• [YOUR GOAL]: Line for line, return the data exactly, omitting all pictures.

• [GIVEN MATERIAL]:
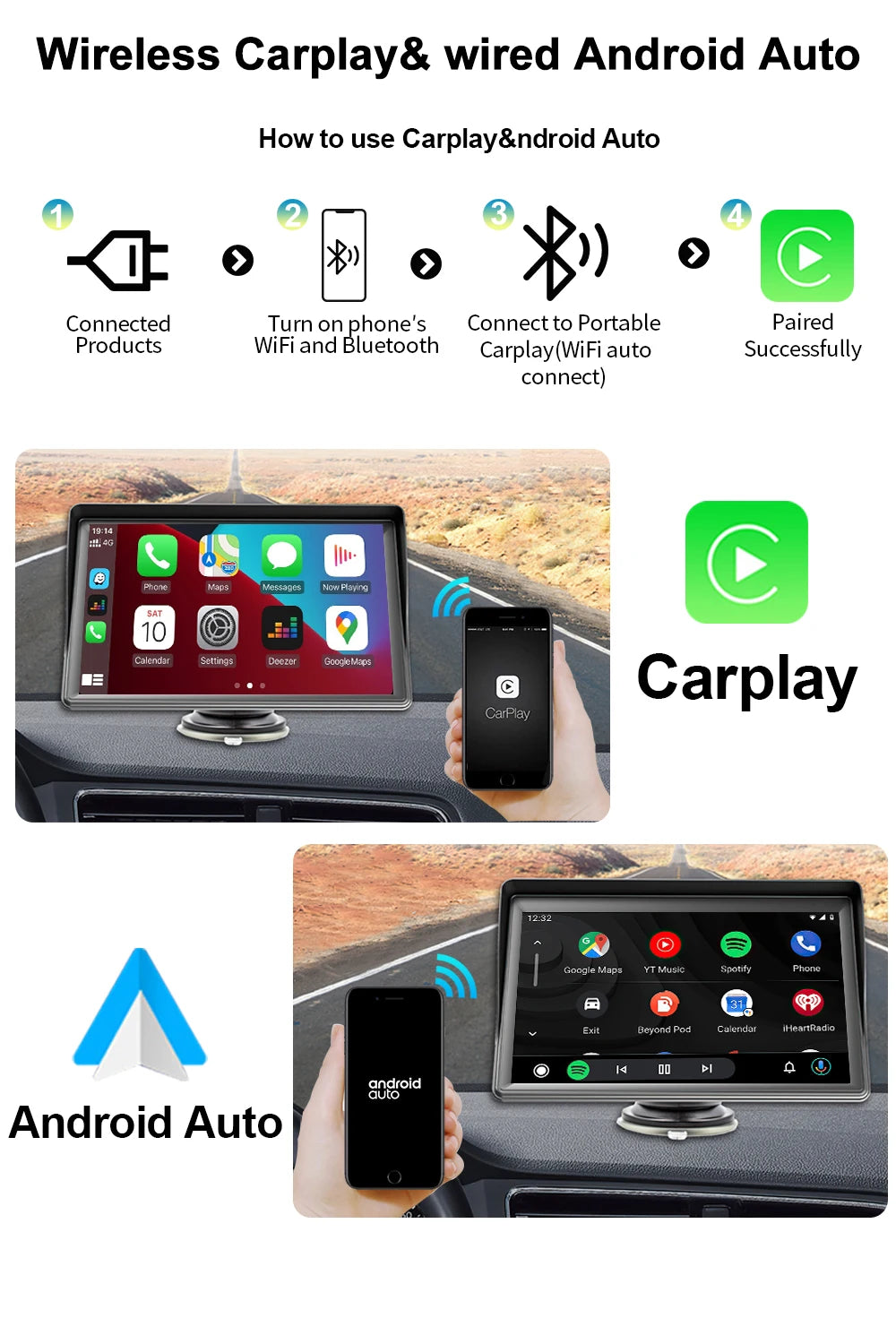 Universal 2din 7inch Wireless Carplay Android Auto Car Radio Multimedia Video Stereo Bluetooth GPS autoradio For Benz BMW VW KIA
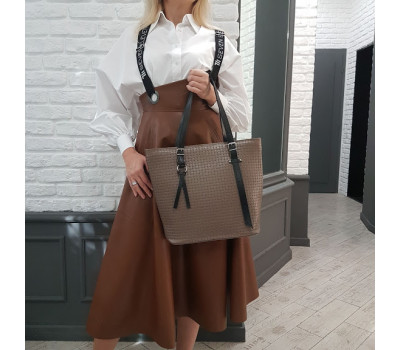 Сумка жіноча "Ліана" натуральна шкіра, колір капучино з тисненням Венето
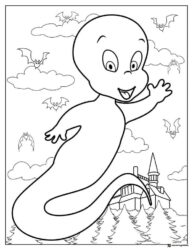 Casper the friendly ghost and haunted house coloring page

• [REPLY TO THE EXERCISE]:
 Universal 2din 7inch Wireless Carplay Android Auto Car Radio Multimedia Video Stereo Bluetooth GPS autoradio For Benz BMW VW KIA
 Сумка жіноча "Ліана" натуральна шкіра, колір капучино з тисненням Венето
 Casper the friendly ghost and haunted house coloring page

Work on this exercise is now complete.